Lateral static stability

The lateral static stability can also be degraded by the addition of external stores or floats. In this case the increase in side area below the mid-point of the fuselage may produce a large destabilizing contribution to the overall lateral stability. Weak positive to neutral static stability may result with consequently poor sideforce cues. If this characteristic occurs with poor directional static stability the pilot may find it very difficult to control sideslip. In addition weak lateral static stability will increase the workload required to maintain wings-level flight. Once again augmentation, this time in the form of roll rate feedback is likely to be the most cost-effective solution, although a bank angle hold may be necessary.

6.5.1.5 Control response

The control response of the helicopter will be of great concern to the pilot. If the response is poorly tuned to the role the aircraft may still have unacceptable handling qualities regardless of how well the stability deficiencies have been overcome. Generally the nature of the control response is a function of the rotor system fitted to the helicopter and only minor changes can be made via modifications to the mechanical characteristics of the cockpit controls.

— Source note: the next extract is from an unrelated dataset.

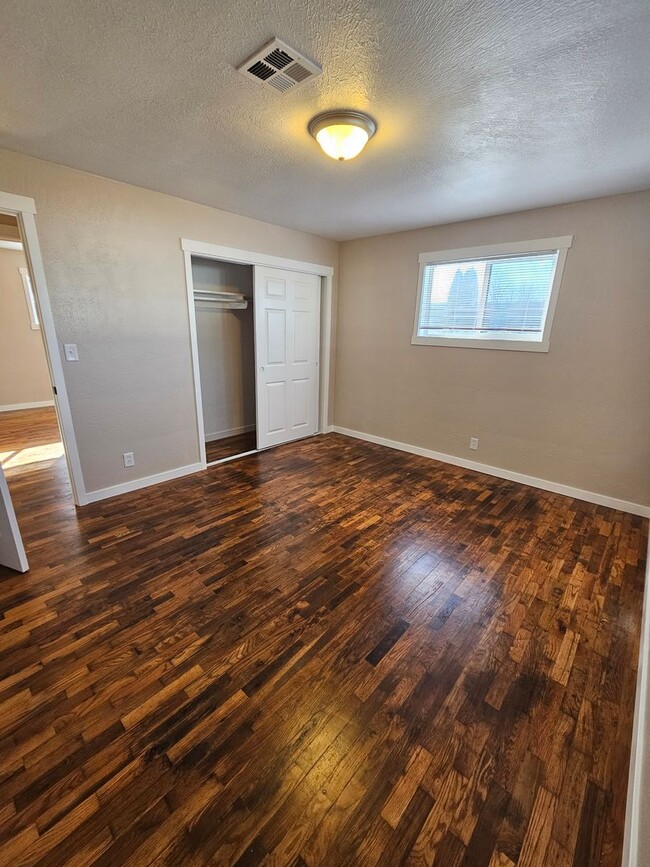 Building Photo - Delightful Home Within Minutes to Everything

6.5.2 Levels of augmentation

The term automatic flight control system covers a multitude of systems that are used to improve, or remove, the stability deficiencies described above. In addition the more sophisticated systems can improve, or tailor, the handling qualities and permit certain role manoeuvres to be flown automatically. The term AFCS will be taken to apply to all forms of stability augmentation and automatic flight path control.

Stability augmentation (or inner-loop) systems can be further sub-divided into systems that use angular rate information as their primary data source and those that rely on direct measurement of aircraft attitude. Typically rate-based systems are cheaper and simpler to design and are, therefore, found on small-to-medium sized helicopters. Attitude-based systems are often enhanced by a range of outer-loop modes, see below, and are found on larger helicopters or those aimed at single pilot IFR operation.

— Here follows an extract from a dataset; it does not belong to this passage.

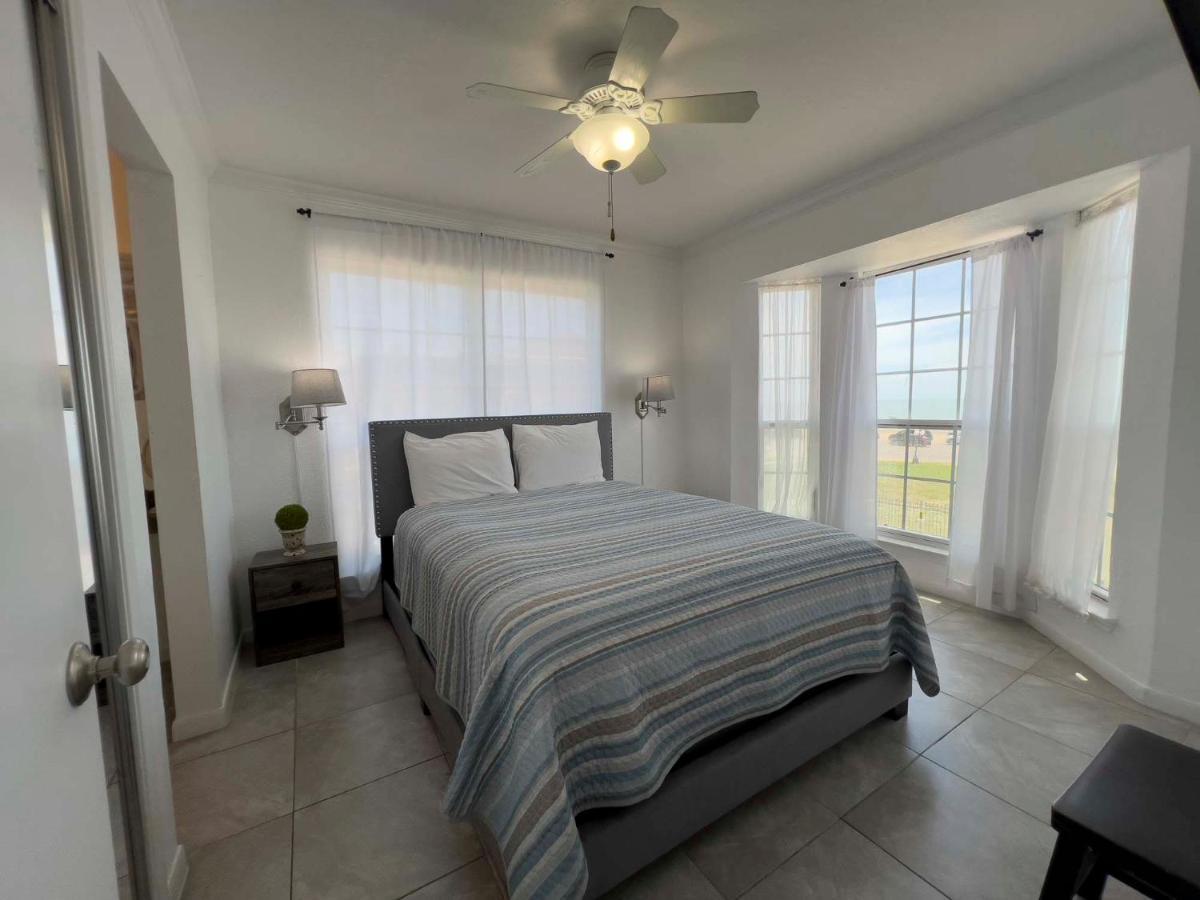 Victorian 8201 Apartment Galveston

The autopilot, or outer-loop system, is a higher level of augmentation. As the name suggests it can be considered as an outer loop around a stability augmentation system that allows automatic control of flight path through the action of parallel actuators. Holds other than pitch and roll attitude will often be included such as heading, speed, height (radar and barometric) and vertical speed. Special modes may also be included: coupled approach, auto transition, ‘go-around’ and hover position hold.

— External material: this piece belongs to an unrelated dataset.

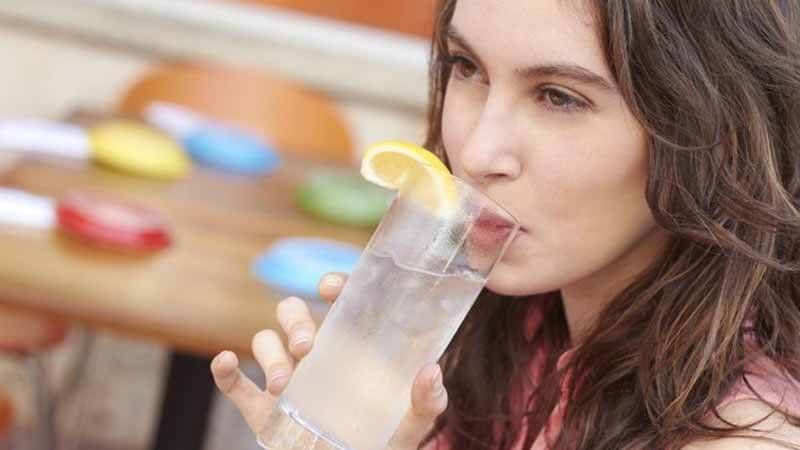 Keseringan Minum Air Es, Waspada Ancaman Penyakit Ini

Fly-by-wire (FBW) technology, for long the sole preserve of flight control systems for fixed wing aircraft, has flown successfully on several research rotorcraft and is being implemented on two helicopters (RAH-66 and NH-90) destined for full-scale production. As in fixed-wing systems FBW affords the helicopter FCS designer greater flexibility of design. This has been necessary to reduce pilot workload by providing a set of control laws and holds that are role suited, selectable and blended so that the most appropriate form of command and stability augmentation is available for each phase of the mission. This will enable the crew to devote more time to operating on­board sensors or weapons systems rather than piloting the aircraft. With FBW the flying controls need not be placed in the conventional positions as all piloting commands are passed through a flight control computer (FCC) by means of electrical signals. A sidestick and a small collective lever are alternatives to the conventional controls.